- [Brief]: The task calls for an exact copy of the records, without any images.

----- Source material -----

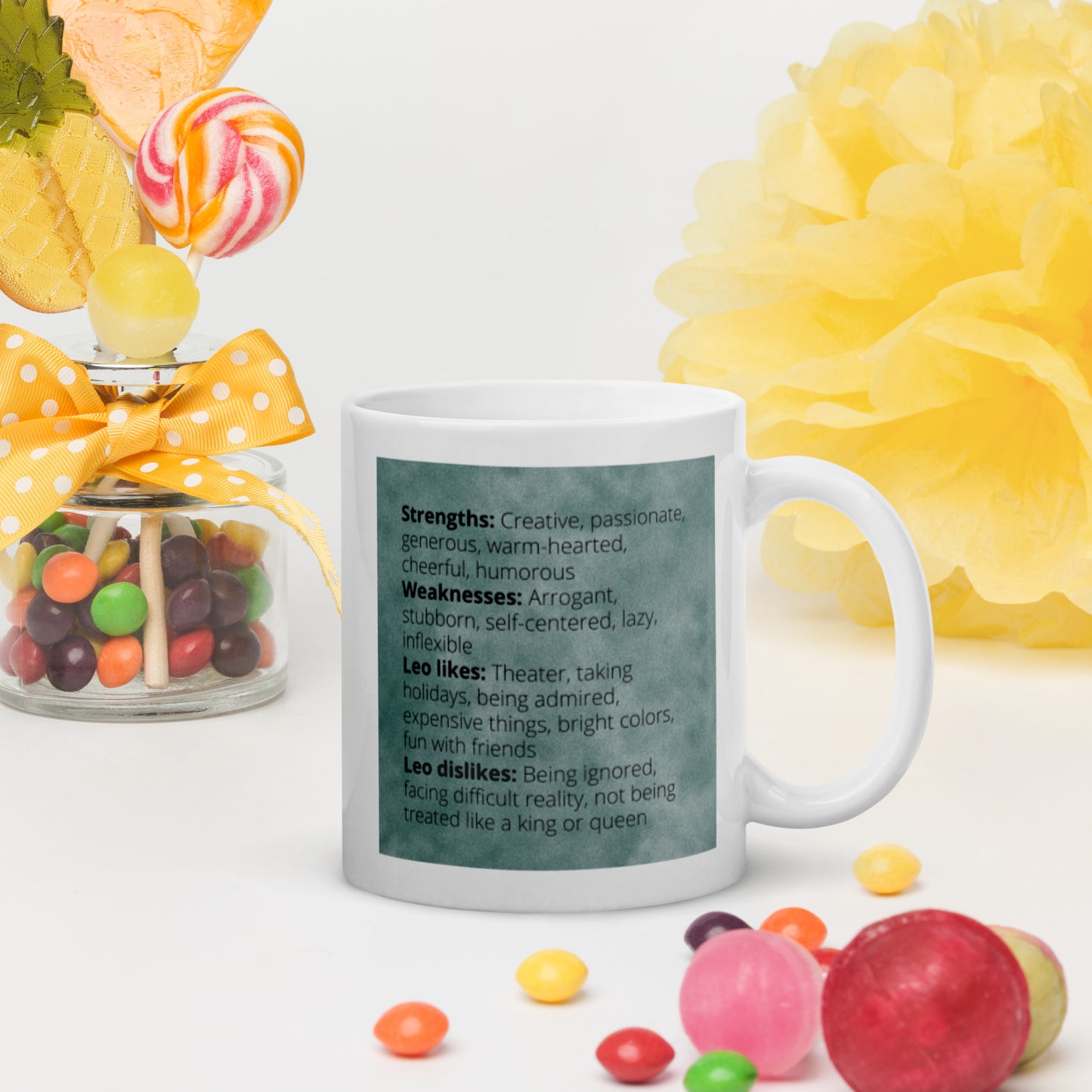 Zodiac Leo White glossy mug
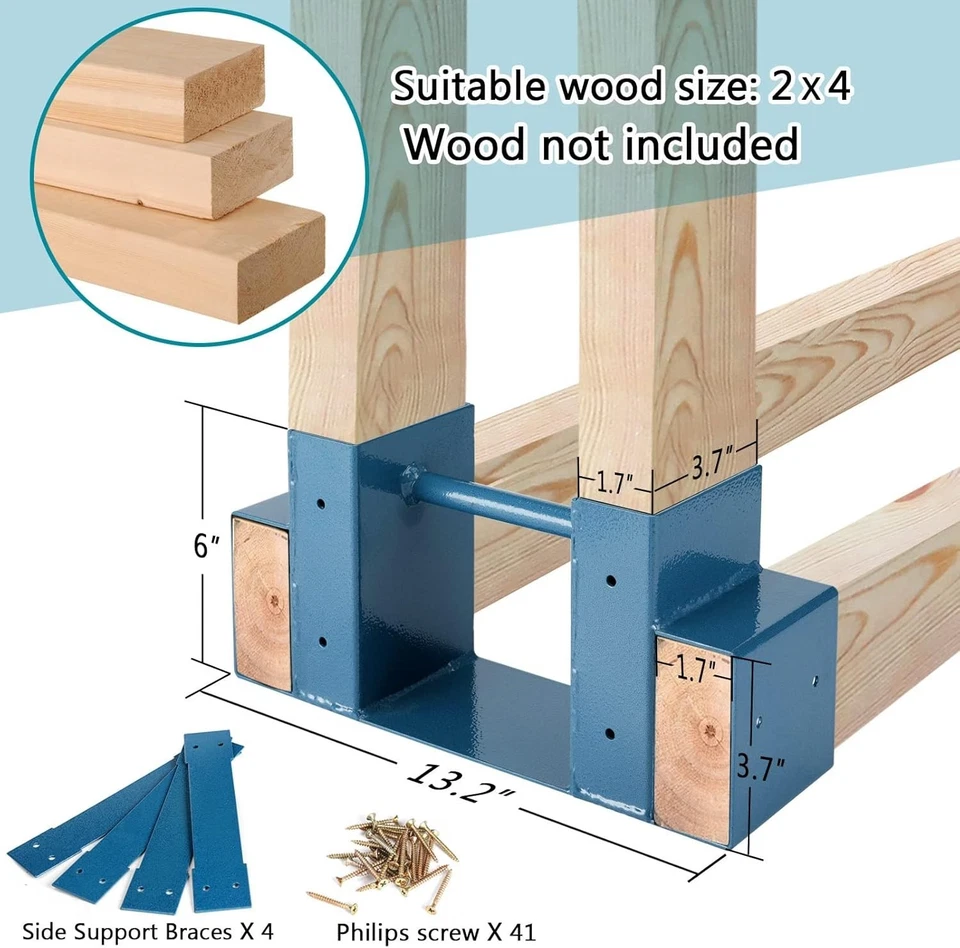 Kit de suporte para rack de armazenamento de madeira para lareira externa, suporte para armazenamento de madeira - Imagem 2 de 4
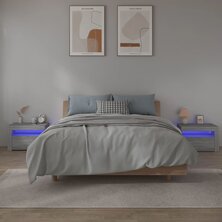 Nachtkastje 2 st met LED-verlichting 60x35x40 cm grijs sonoma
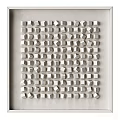 Three Dimensional Silver Cubes Arranged On White Wall Modern Geometric Decor Art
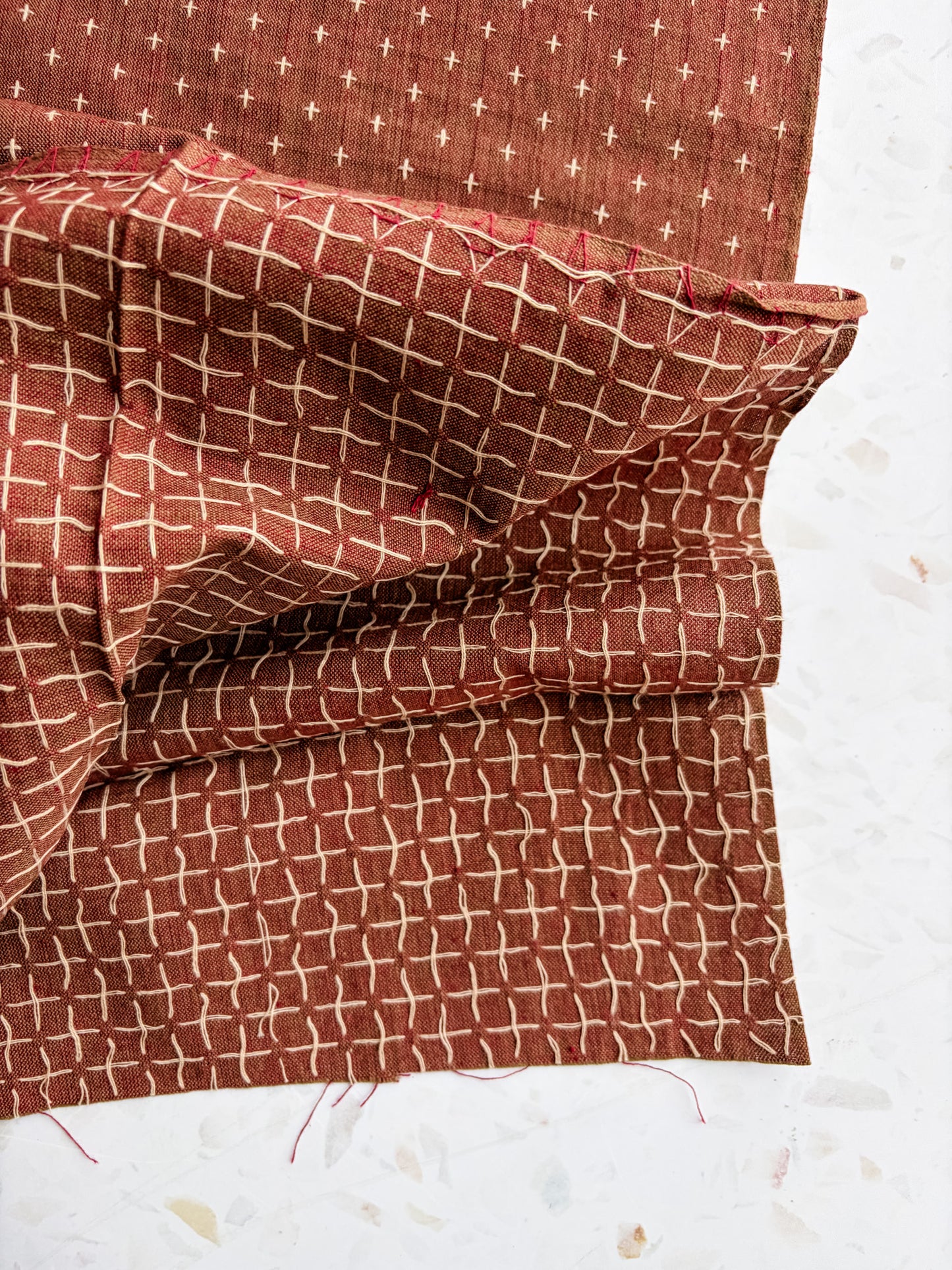 Gathering Cloth Cross Stitch in Russet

-----

- [Exercise answer]:
 Zodiac Leo White glossy mug
 Kit de suporte para rack de armazenamento de madeira para lareira externa, suporte para armazenamento de madeira - Imagem 2 de 4
 Nachtkastje 2 st met LED-verlichting 60x35x40 cm grijs sonoma
 Three Dimensional Silver Cubes Arranged On White Wall Modern Geometric Decor Art
 Gathering Cloth Cross Stitch in Russet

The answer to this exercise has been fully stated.